# Information shown:

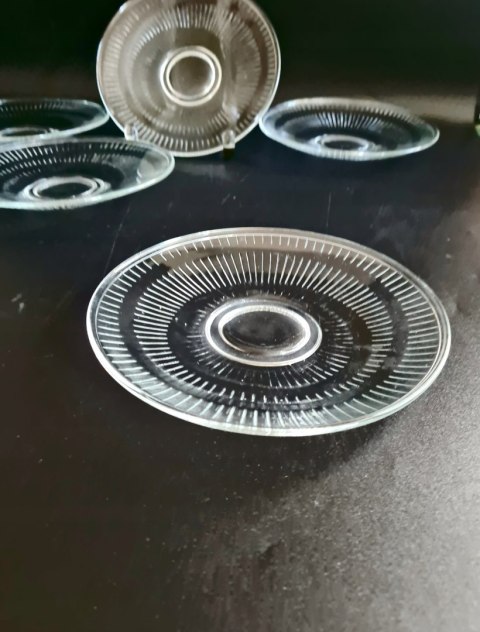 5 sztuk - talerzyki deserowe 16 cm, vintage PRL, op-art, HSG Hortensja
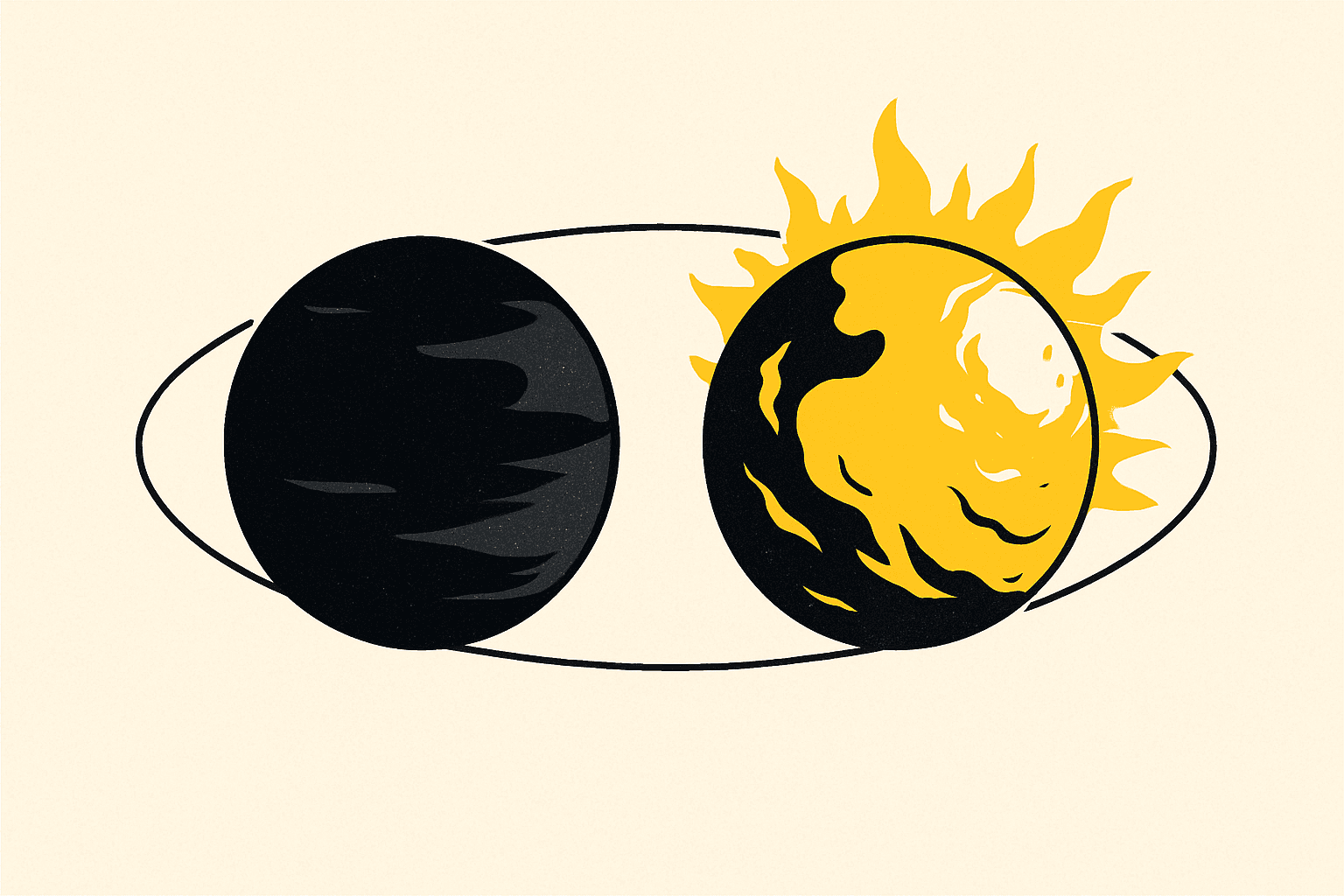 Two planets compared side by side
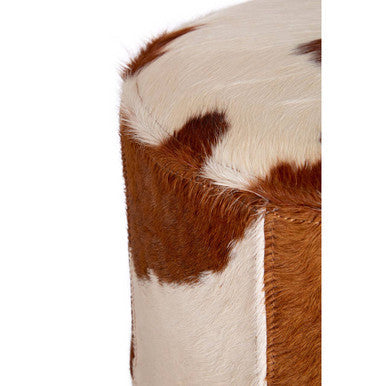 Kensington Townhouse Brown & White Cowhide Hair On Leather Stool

---

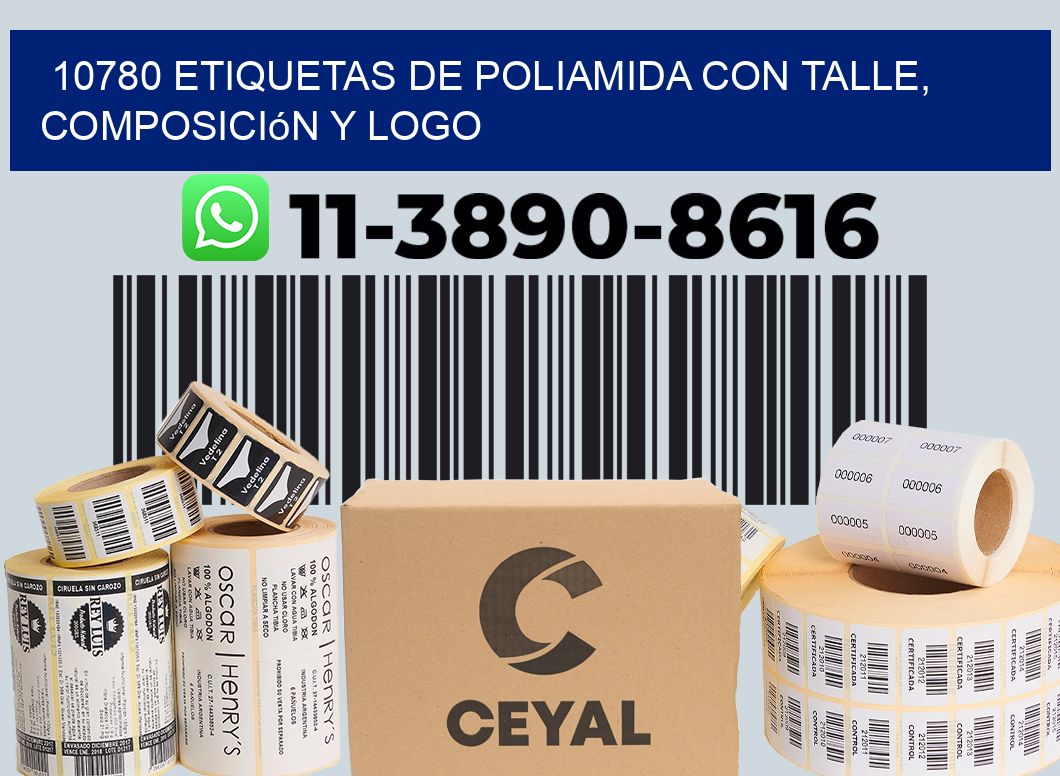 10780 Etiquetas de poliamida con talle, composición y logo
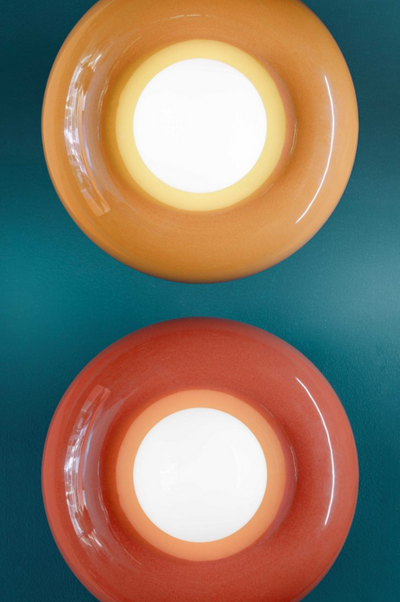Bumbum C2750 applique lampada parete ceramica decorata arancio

* * *

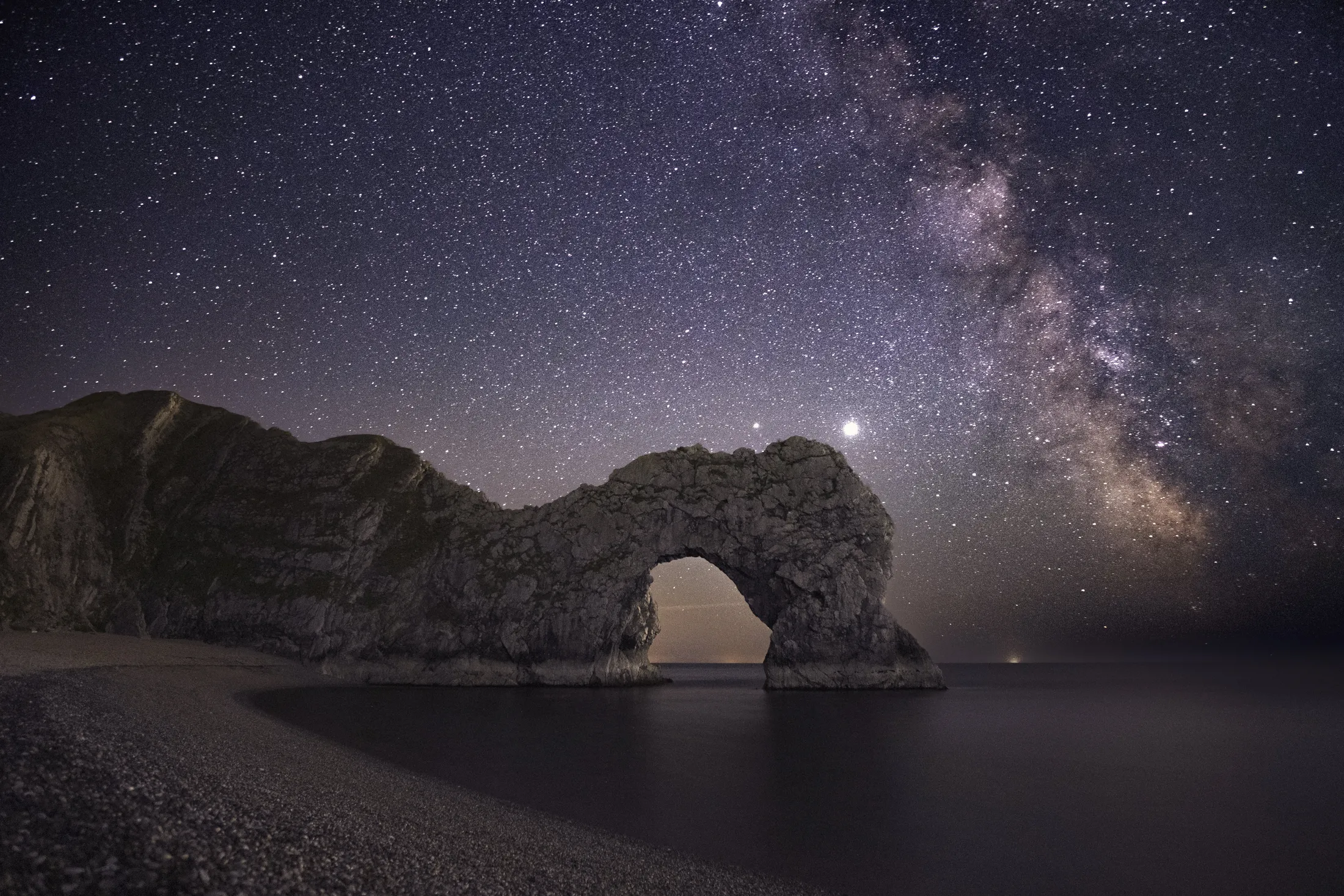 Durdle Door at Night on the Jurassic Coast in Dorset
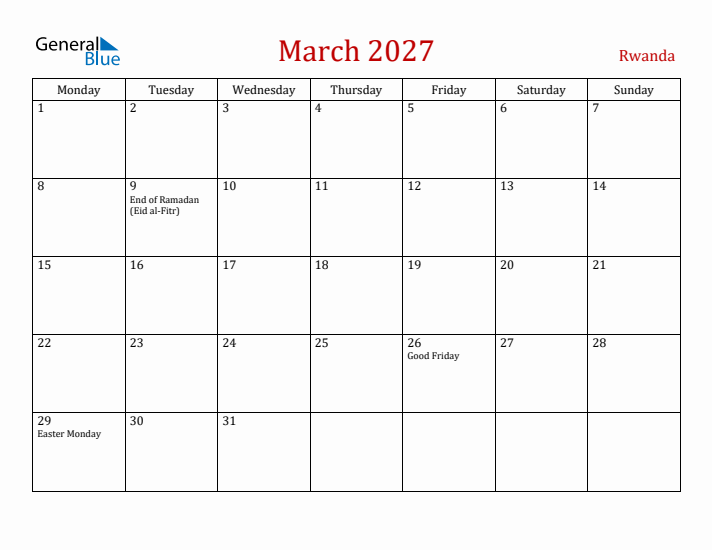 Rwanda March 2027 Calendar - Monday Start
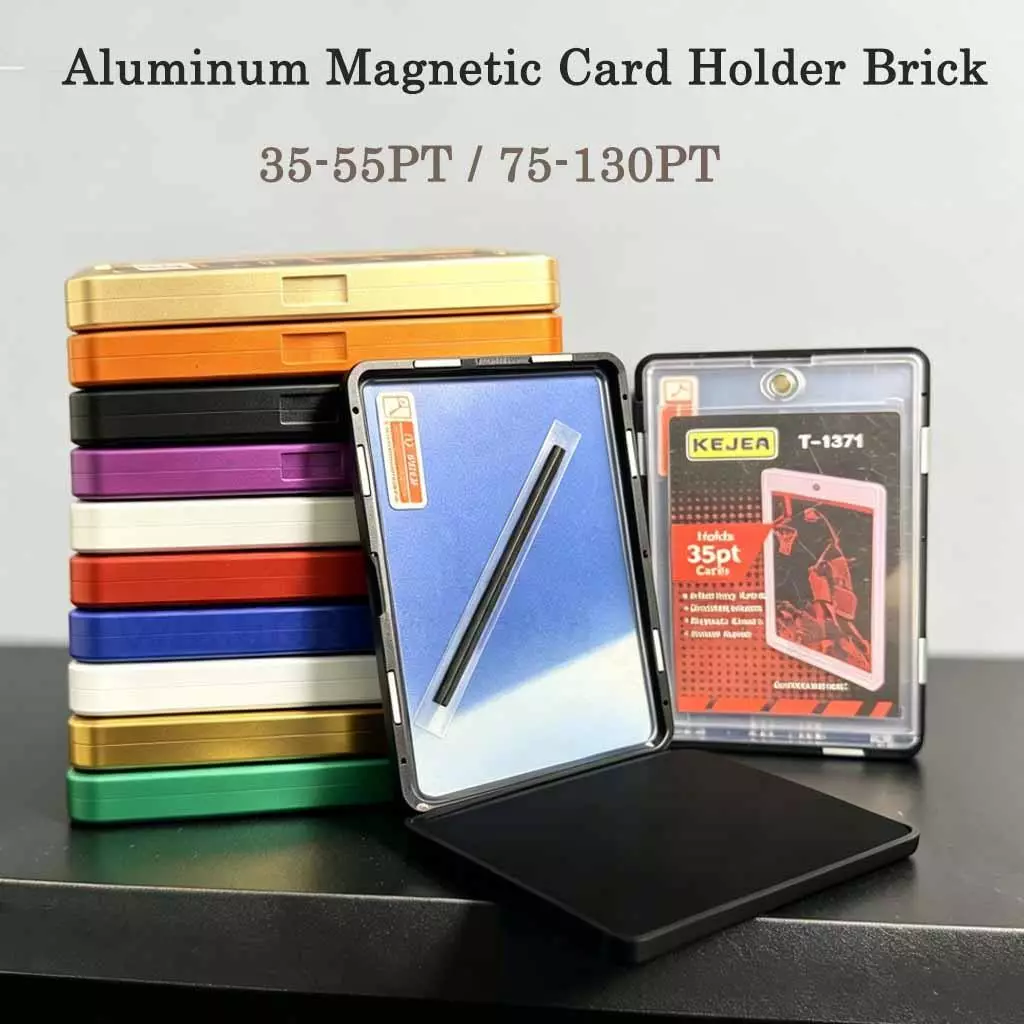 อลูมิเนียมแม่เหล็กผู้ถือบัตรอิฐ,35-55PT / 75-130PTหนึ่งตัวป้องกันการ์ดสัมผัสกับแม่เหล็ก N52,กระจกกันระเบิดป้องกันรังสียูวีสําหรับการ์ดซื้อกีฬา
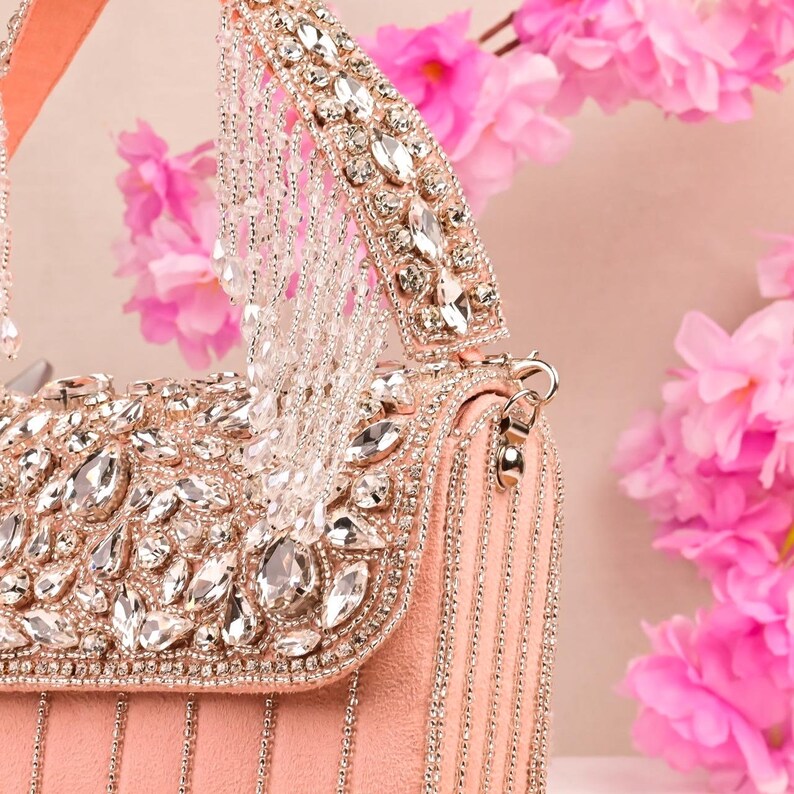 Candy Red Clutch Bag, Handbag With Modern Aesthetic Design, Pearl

# Task prompt:
Skipping the pictures, print the lines in the listing above exactly as written, starting at the line with "5 sztuk - talerzyki" and ending at the line with "Kensington Townhouse Brown", both included.

# Exercise solution:
 5 sztuk - talerzyki deserowe 16 cm, vintage PRL, op-art, HSG Hortensja
 Two planets compared side by side
 Kensington Townhouse Brown & White Cowhide Hair On Leather Stool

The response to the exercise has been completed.